我试图解析一个日志文件(具体来说,来自Gradle构建),如下所示:
21:51:38.991 [DEBUG] [TestEventLogger] cha.LoginTest4 STARTED
21:51:39.054 [DEBUG] [TestEventLogger] cha.LoginTest2 STARTED
21:51:40.068 [DEBUG] [TestEventLogger] cha.LoginTest4 PASSED
21:51:40.101 [DEBUG] [TestEventLogger] cha.LoginTest2 PASSED
21:51:40.366 [DEBUG] [TestEventLogger] cha.LoginTest1 STARTED
21:51:40.413 [DEBUG] [TestEventLogger] cha.LoginTest3 STARTED
21:51:50.435 [DEBUG] [TestEventLogger] cha.LoginTest1 PASSED
21:51:50.463 [DEBUG] [TestEventLogger] cha.LoginTest3 PASSED
21:51:50.484 [DEBUG] [TestEventLogger] Gradle Test Run :test PASSED
21:51:38.622 [DEBUG] [TestEventLogger] Gradle Test Run :test STARTED
进入显示事件时间表的图表。有点像这样:
n | =======
a | ===
m | ==
e | =======
|______________
time
到目前为止,我已经解析了日志并将相关的"事件"到Pandas数据帧(按时间戳排序)。
log events parsed, sorted and ungrouped:
timestamp name
0 1900-01-01 21:51:38.622 test
0 1900-01-01 21:51:38.991 cha.LoginTest4
0 1900-01-01 21:51:39.054 cha.LoginTest2
0 1900-01-01 21:51:40.068 cha.LoginTest4
0 1900-01-01 21:51:40.101 cha.LoginTest2
0 1900-01-01 21:51:40.366 cha.LoginTest1
0 1900-01-01 21:51:40.413 cha.LoginTest3
0 1900-01-01 21:51:50.435 cha.LoginTest1
0 1900-01-01 21:51:50.463 cha.LoginTest3
0 1900-01-01 21:51:50.484 test
因为我需要每个" name"的开始和结束时间,所以我会groupby
。我得到的组看起来像这样:
group timestamp name
0 1900-01-01 21:51:38.991 cha.LoginTest4
0 1900-01-01 21:51:40.068 cha.LoginTest4
总有两行,第一行是开始时间,最后一行是结束时间。我能够使用hlines
来显示每个组的时间表。

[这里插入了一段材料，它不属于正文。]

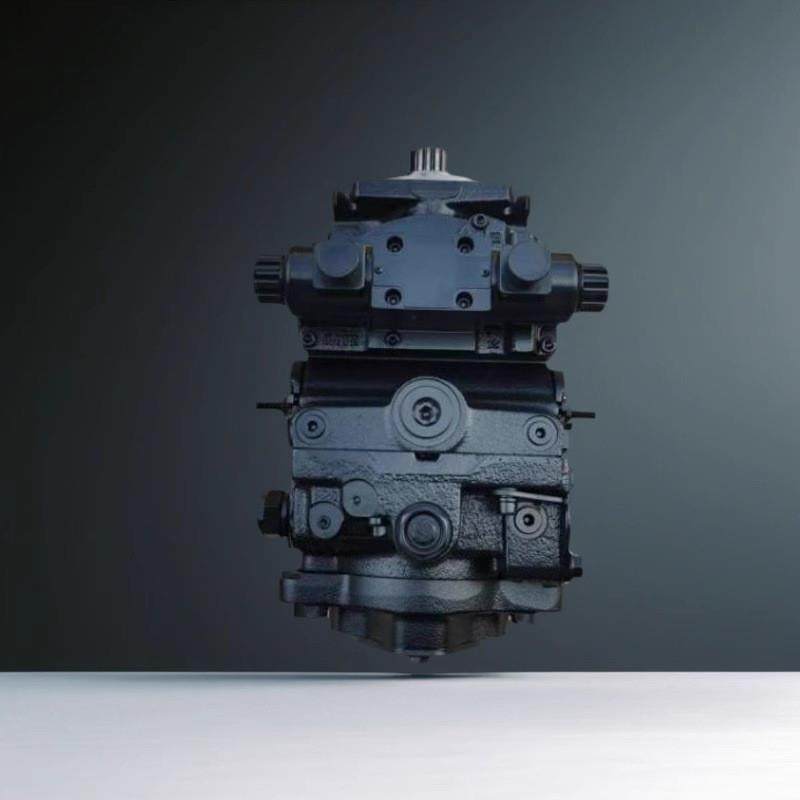 现货液压泵90L130KN5CS80S3C8GBA323224柱塞泵高压泵比例泵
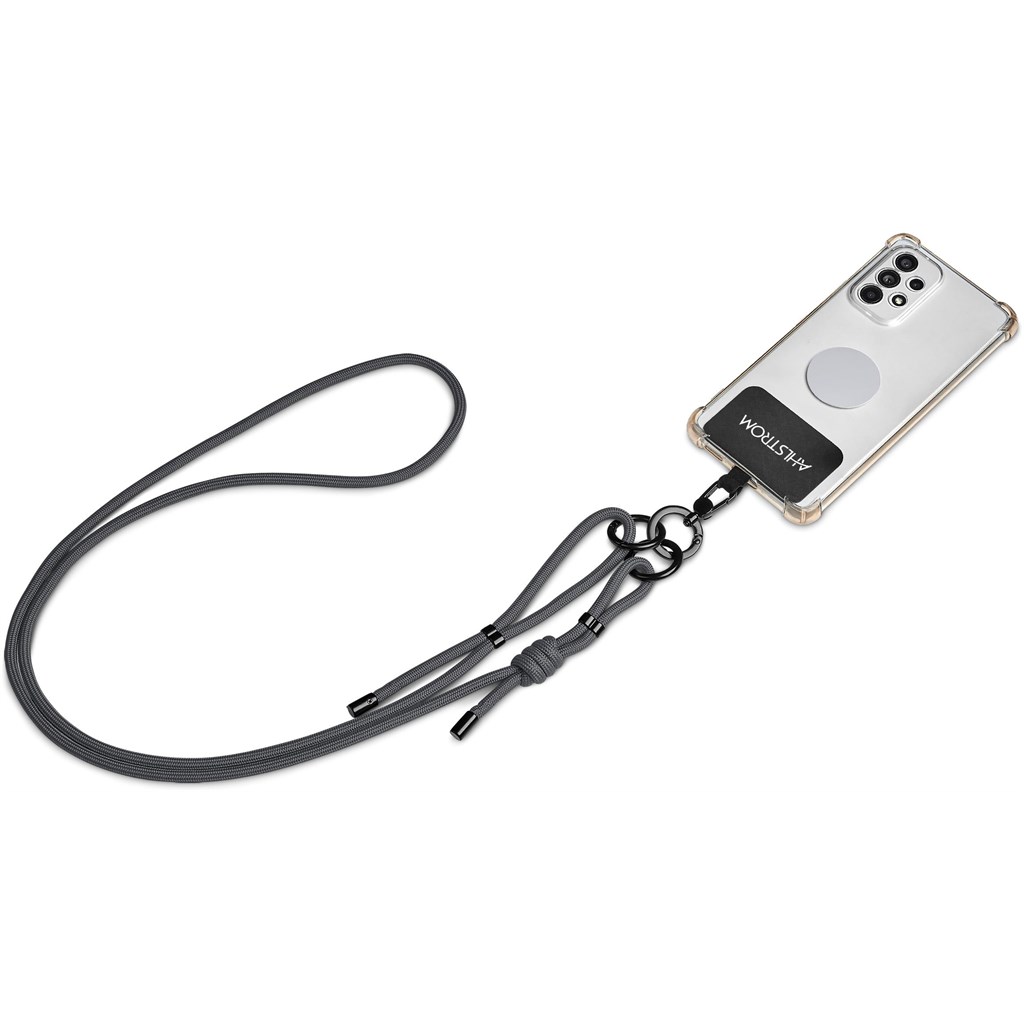 Altitude Prett Crossbody Phone & Bag Strap in Pouch - Image 10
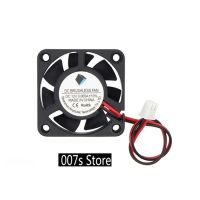 NEW Cool Fans Cooling Cooler Radiato Fan For 12V Brushless 4010 40X40X10mm Mini PC With 2-Pin Dupont Wire 3D Printer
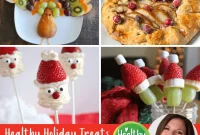 Episode 13 Guilt-Free Holiday Goodies Thanksgiving and Christmas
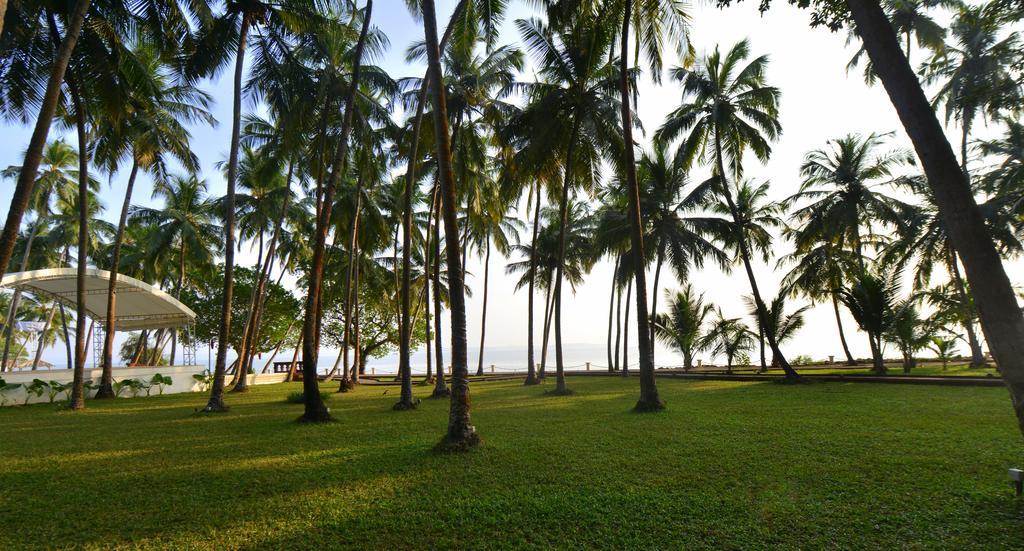 Bay 15 Hotel Panaji Exterior foto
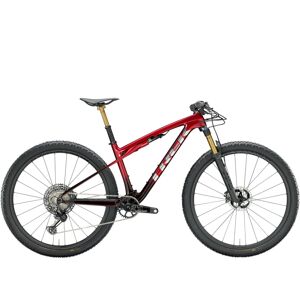 Trek Supercaliber SLR 9.9 XTR Gen 2 2025 M/L červená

但是,我想让所有小组进入相同的情节,看看他们何时相对于彼此开始/结束。我仍然想使用groupby
,因为它可以让我得到开始/结束时间以及" name"几行代码。
我只能在不出错的情况下为每个群体展示情节,而不是全部展示情节。以下是我为每个情节所做的工作:
for name, group in df.groupby('name', sort=False):
group.amin = group['timestamp'].iloc[0] # assume sorted order
group.amax = group['timestamp'].iloc[1]
fig = plt.figure()
ax = fig.add_subplot(111)
ax = ax.xaxis_date()
ax = plt.hlines(group.index, dt.date2num(group.amin), dt.date2num(group.amax))
plt.show()
已解决完整来源:
import os
import re
import pandas as pd
from pandas import Timestamp
import matplotlib.pyplot as plt
import matplotlib.dates as dt
import warnings
from random import random
from matplotlib.pyplot import text
from datetime import datetime
import numpy as np
warnings.simplefilter(action='ignore', category=FutureWarning) # https://stackoverflow.com/a/46721064
'''
The log contents are not guaranteed to be in order. Multiple processes are dumping contents into a single file.
Contents from a single process will be in order.
'''
def main():
log_file_path = "gradle-4.2.test.debug.log"
# regex to get test and task log events
test_re = re.compile('^(\S+) \[DEBUG\] \[TestEventLogger\] (\S+[^:>]) (STARTED|PASSED|FAILED)$')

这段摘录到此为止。